Both government and opposition have blamed each other for the latest fighting in parts of Kajo-Keji and Lainya Counties respectively.
Lam Paul Gabriel, Deputy military spokesman of the main rebel group, the Sudan People's Liberation Army in Opposition (SPLA-IO), alleged that government forces begun attacking their bases on Wednesday, the day the warring factions signed the peace deal.
He said fighting continued until Friday and at least eight government soldiers were killed during the three days offensive, a claim not independently verified.
Government military spokesman Lul Roai Koang dismissed the accusations as "negative propaganda", adding that the rebels have embarked on massive offensive in the southern and northern parts of the country in a bid to capture more territory for cantonment of their forces.

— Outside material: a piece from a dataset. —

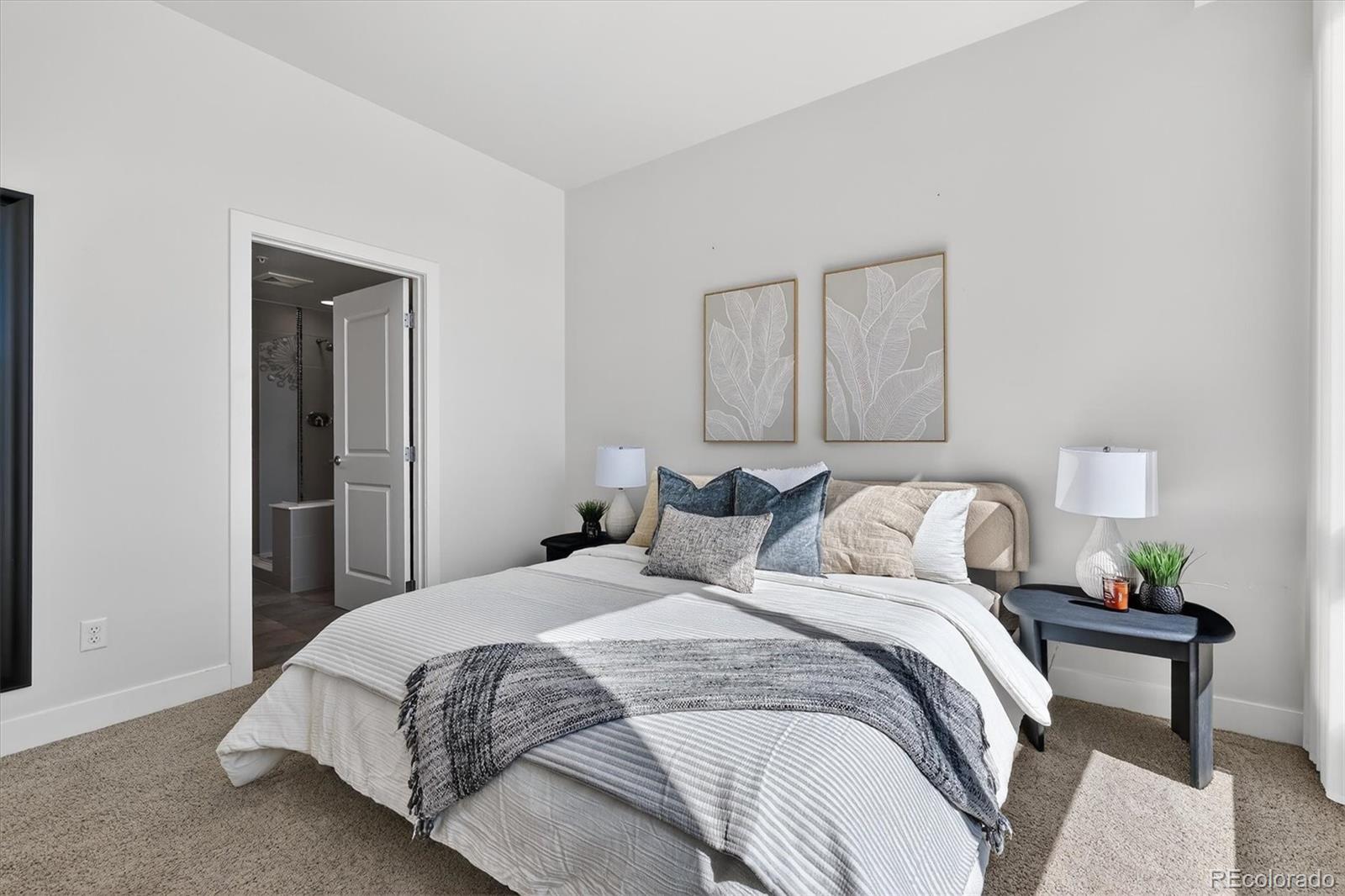 2001 Lincoln Street Unit: 810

"A number of rebels hiding along the border with Uganda started launching operations against our forces in Sokare in Kajo Keji County and in Lainya with the intention of capturing more territory," Koang said.
"The rebels are the ones who have been on the offensive and when they started to launch their offensive, they start with negative propaganda that they are victims of attacks," he added.
South Sudan descended into civil war in late 2013, and the conflict has created one of the fastest growing refugee crises in the world.
The UN estimates that about 4 million South Sudanese have been displaced internally and externally. A peace deal signed in August 2015 collapsed following renewed violence in the capital, Juba in July 2016.
South Sudanese President Salva Kiir, his former deputy and arch rival Riek Machar and several opposition groups were reported on Wednesday to have signed a new power-sharing deal aimed at ending the five-year old conflict.
Under the reported deal, Machar will be reinstated as Kiir's deputy.